====== DATA SECTION

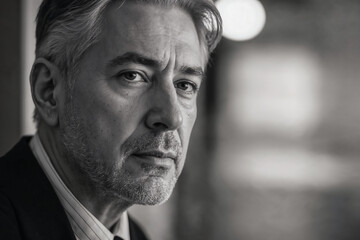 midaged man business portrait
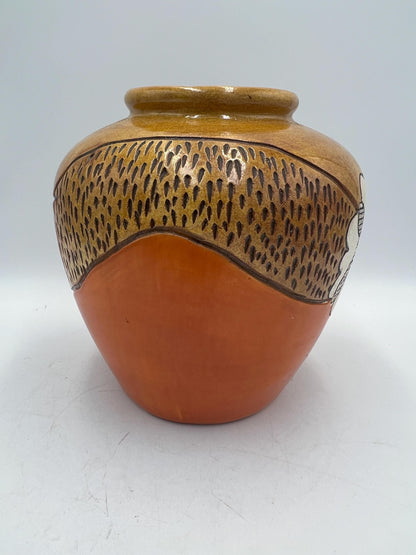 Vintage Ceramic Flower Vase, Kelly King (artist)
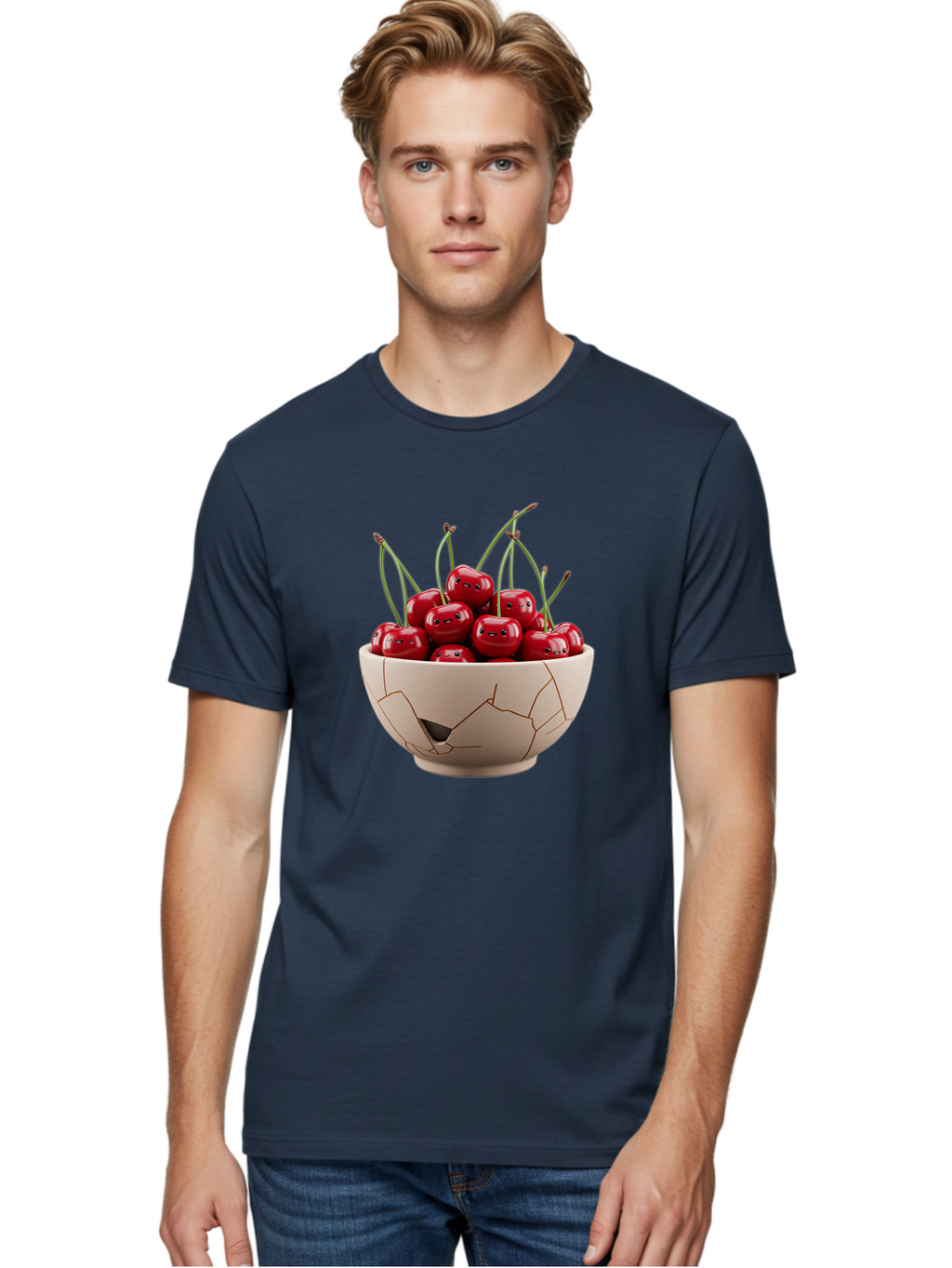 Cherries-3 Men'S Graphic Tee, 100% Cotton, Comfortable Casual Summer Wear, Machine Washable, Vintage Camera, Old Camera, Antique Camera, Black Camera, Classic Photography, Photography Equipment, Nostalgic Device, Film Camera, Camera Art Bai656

============
====== DATA SECTION

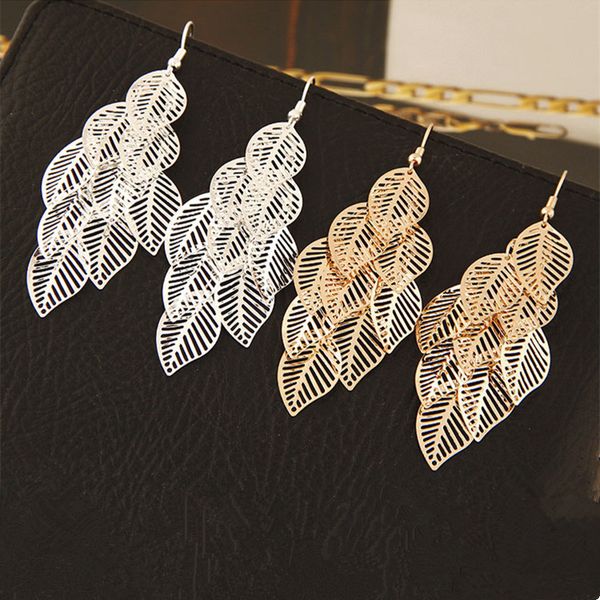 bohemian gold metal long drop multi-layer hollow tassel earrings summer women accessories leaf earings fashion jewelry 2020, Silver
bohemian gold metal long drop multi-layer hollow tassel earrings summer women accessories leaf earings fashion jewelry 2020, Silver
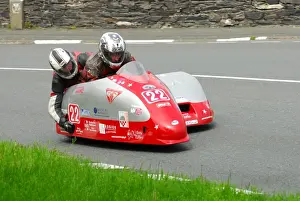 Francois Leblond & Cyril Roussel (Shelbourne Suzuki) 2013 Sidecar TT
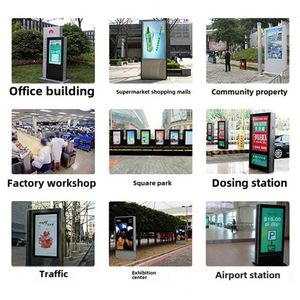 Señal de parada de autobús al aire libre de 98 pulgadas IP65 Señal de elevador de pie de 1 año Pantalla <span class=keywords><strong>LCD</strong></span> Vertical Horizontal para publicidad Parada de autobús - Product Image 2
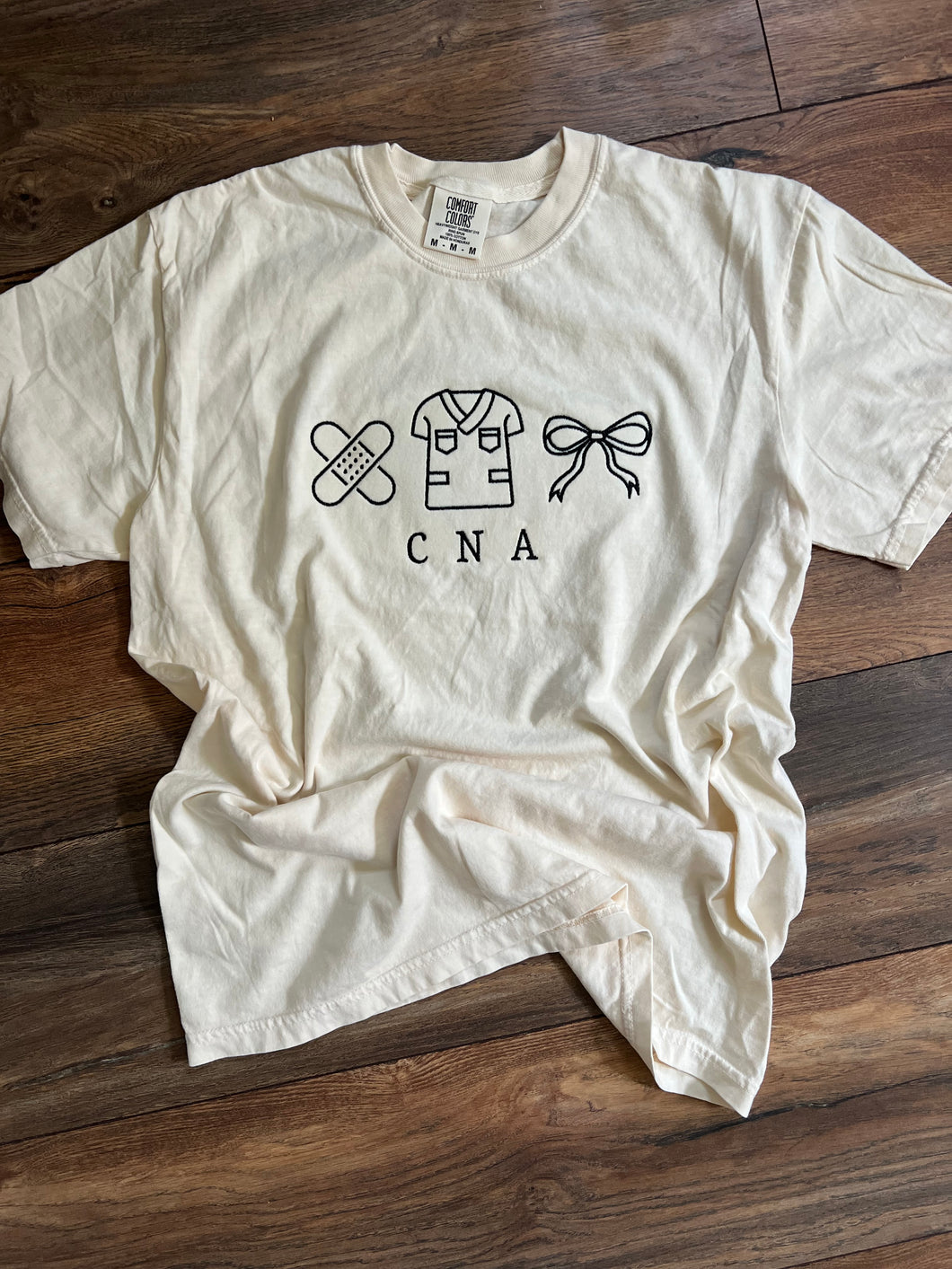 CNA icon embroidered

============

Each line from the one that contains "midaged man business portrait" down to the one that contains "Cherries-3 Men'S Graphic" is to be returned exactly as it stands above, both ends included, with pictures removed.

 midaged man business portrait
 Vintage Ceramic Flower Vase, Kelly King (artist)
 Cherries-3 Men'S Graphic Tee, 100% Cotton, Comfortable Casual Summer Wear, Machine Washable, Vintage Camera, Old Camera, Antique Camera, Black Camera, Classic Photography, Photography Equipment, Nostalgic Device, Film Camera, Camera Art Bai656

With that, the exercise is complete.